Reproducibility information benchmarks #4

BramVanroy · 2024-02-24T11:35:30Z

Hello

I've been looking to do a large-scale comparison of (m)any MT model that has to do with Dutch (xx->NL, NL->XX) with all the test sets that I can find. The OPUS leaderboard is a great starting point for me. In a first step, I would like to reproduce the scores in the OPUS leaderboard. For reproducibiliy sake it would therefore be useful if there is an overview of some meta information on the benchmarks:

metric parameters used (e.g. n-gram size for BLEU, model for COMET, etc.)
generation parameters for the models (num beams, sampling (topk/topp/temperature)?
frameworks versions (CUDA/ROCm versions, torch version, transformers version, etc.) - basically a pip freeze

If you can share any info about this, I'd be grateful!

Bram

The text was updated successfully, but these errors were encountered:

jorgtied · 2024-03-05T21:44:50Z

We should make this more transparent. Part of the answers are hidden in the scripts we use for evaluation. Look at those makefile targets: https://github.com/Helsinki-NLP/OPUS-MT-leaderboard-recipes/blob/master/eval.mk

For huggingface models we mainly use this script: https://github.com/Helsinki-NLP/External-MT-leaderboard/blob/master/models/huggingface/translate.py called by https://github.com/Helsinki-NLP/External-MT-leaderboard/blob/master/models/huggingface/Makefile

Alternatively also scripts from here: https://github.com/Helsinki-NLP/External-MT-leaderboard/tree/master/models/huggingface-accelerate

For NLLB and m2m100 from facebook, look at https://github.com/Helsinki-NLP/External-MT-leaderboard/blob/master/models/huggingface/facebook/Makefile

For COMET: This is such a moving target with all kinds of models coming out and also slight changes with the implementation.
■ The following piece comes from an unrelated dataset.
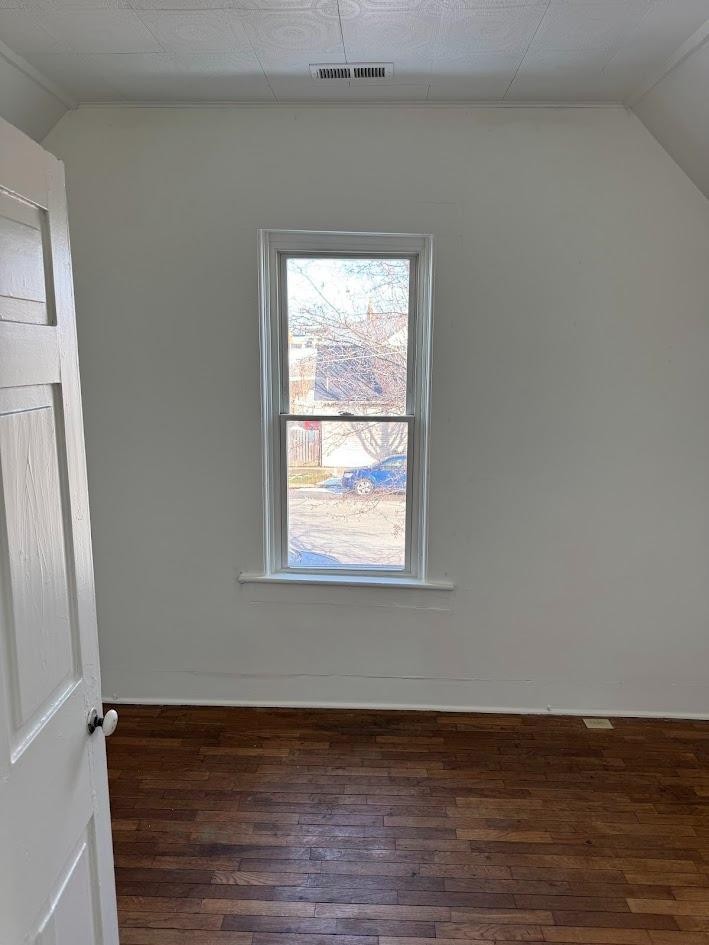 69 South Oak Street - Photo 7 of 9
For newer OPUS-MT models there are also logfiles like this one: https://opus.nlpl.eu/dashboard/logfile.php?model1=unknown&model2=unknown&test=newstest2018&scoreslang=all&model=Tatoeba-MT-models%2Ffin-eng%2FopusTCv20210807%2Bnopar%2Bft95-sepvoc_transformer-tiny11-align_2023-07-03&src=fin&trg=eng&pkg=opusmt

This does not tell you everything you want to know but at least some partial information and pointers.